Survey of the important changes to the adult protection regime, and the Adults with Incapacity Act, made by the Adult Support and Protection (Scotland) Act 2007

The Adult Support and Protection (Scotland) Act 2007 completed its parliamentary passage on 15 February. Most of its provisions are expected to be brought into force towards the end of the year. One important provision, inserting a new section in the Social Work (Scotland) Act 1968, came into force on 21 March (see panel in downloadable PDF).

The 2007 Act introduces the new adult protection régime in Part 1. It makes significant amendments to adult incapacity law, most of them in Part 2 amending the Adults with Incapacity (Scotland) Act 2000 (“the Incapacity Act”). This article summarises some of these provisions. It does not cover alterations to other legislation, including the Mental Health (Care and Treatment) (Scotland) Act 2003 (“the Mental Health Act”).

The 2007 Act incorporates an unusual amount of amendment to the bill as originally introduced. The Law Society of Scotland’s Mental Health and Disability Committee has had an unusual (perhaps unprecedented) success rate in achieving implementation of its suggestions and response to its concerns. Commendable were the care with which the Health Committee addressed issues raised by the bill, and the responses of the Scottish Executive.
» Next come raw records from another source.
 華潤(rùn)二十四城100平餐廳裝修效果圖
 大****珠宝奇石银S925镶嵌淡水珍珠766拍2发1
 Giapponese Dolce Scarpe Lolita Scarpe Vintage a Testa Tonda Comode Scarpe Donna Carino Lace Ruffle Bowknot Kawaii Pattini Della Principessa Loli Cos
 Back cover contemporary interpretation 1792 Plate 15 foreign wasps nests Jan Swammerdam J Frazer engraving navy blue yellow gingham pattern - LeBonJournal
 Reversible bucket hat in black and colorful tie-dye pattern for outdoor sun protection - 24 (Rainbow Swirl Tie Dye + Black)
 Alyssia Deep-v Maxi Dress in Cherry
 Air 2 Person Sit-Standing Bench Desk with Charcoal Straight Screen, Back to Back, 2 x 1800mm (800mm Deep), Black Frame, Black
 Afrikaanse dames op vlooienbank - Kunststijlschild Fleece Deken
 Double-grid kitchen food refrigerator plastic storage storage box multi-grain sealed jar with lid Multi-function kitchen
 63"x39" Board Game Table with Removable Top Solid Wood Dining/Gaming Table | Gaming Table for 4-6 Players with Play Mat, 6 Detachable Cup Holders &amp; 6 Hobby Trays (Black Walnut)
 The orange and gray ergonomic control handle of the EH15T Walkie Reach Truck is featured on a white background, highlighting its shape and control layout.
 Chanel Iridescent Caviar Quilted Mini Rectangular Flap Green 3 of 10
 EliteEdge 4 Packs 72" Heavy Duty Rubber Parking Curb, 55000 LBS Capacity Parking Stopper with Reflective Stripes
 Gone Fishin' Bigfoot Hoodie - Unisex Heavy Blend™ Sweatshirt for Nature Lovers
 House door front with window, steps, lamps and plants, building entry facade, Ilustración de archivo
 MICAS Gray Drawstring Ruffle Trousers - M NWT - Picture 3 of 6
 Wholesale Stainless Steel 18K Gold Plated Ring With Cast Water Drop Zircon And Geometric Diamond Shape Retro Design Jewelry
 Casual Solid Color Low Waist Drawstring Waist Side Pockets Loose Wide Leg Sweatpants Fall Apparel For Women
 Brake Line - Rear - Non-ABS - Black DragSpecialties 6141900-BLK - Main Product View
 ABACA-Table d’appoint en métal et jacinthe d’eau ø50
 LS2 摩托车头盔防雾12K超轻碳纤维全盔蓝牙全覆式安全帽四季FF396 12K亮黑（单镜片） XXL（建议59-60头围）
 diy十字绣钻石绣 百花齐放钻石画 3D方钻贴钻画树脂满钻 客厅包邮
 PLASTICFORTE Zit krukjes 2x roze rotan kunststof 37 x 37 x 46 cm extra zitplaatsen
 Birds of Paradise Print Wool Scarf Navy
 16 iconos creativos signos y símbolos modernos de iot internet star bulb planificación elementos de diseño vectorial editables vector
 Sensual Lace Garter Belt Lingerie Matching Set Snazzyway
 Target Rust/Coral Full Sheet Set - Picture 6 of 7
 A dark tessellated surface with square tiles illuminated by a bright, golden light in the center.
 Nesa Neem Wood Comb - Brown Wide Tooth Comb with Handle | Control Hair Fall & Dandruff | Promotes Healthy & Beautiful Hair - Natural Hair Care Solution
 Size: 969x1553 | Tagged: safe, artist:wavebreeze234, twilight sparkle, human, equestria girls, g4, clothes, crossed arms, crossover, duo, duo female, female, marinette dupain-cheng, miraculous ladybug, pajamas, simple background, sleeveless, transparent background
Adult protection: adults at risk

The 2007 Act repeals the existing procedure under s 47 of the National Assistance Act 1948 (as amended) for application to the sheriff to remove persons from the premises where they are, if they are suffering from grave chronic disease, or are aged, infirm or physically incapacitated and living in insanitary conditions, and if they are unable to devote proper care and attention to themselves and are not receiving it from anyone else. The 1948 Act procedure was probably not ECHR compliant, and almost certainly had to go.
The starting point for reform in this area was to replace that section with modern provision for the care and protection of adults who are vulnerable and at risk of harm. There are adults who are vulnerable but neither incapable in terms of the Incapacity Act nor mentally disordered in terms of the Mental Health Act. Even for adults who are incapable or mentally disordered, it is likely that some needs will best be met under the 2007 Act.
Part 1 of the Act commences with principles and a definition of “adults at risk”. The “general principle on intervention” reflects the Incapacity Act. An intervention must provide benefit to the adult which could not reasonably be provided without intervening, and must (of the options likely to fulfil the object of the intervention) be the least restrictive of the adult’s freedom. The mandatory terms of the general principle in s 1 are watered down by the statement that it applies only for the purposes of s 2, which requires public bodies and office holders to “have regard to” the general principle when performing functions under Part 1. They must also have regard to other principles set out in s 2.
There are three elements in the definition of adults at risk. They must be unable to safeguard their own wellbeing, property, rights or other interests. They must be affected by disability, mental disorder, illness or physical or mental infirmity, and in consequence more vulnerable to being harmed than adults not so affected. They must be at risk of harm either because another person’s conduct is causing harm (or is likely to), or because the adult is engaging in conduct which causes self-harm (or that is likely).
The Society made successful representations that the original scope of the bill was too narrow and its language too emotive: thus references to “abuse” were altered to “harm”.

Duties and procedures

Local authorities will have a duty to make inquiries where they know or believe that an adult is at risk and they might need to intervene to protect the adult. The authority will have powers to investigate, including by visits, interviews, medical examinations and examination of records. There are procedures for assessment orders, removal orders and banning orders. Banning orders provide the option of removing the person creating the risk of harm from where the adult lives, rather than always removing the adult from the risk. There are provisions for temporary banning orders, and powers of arrest for breach of a banning order.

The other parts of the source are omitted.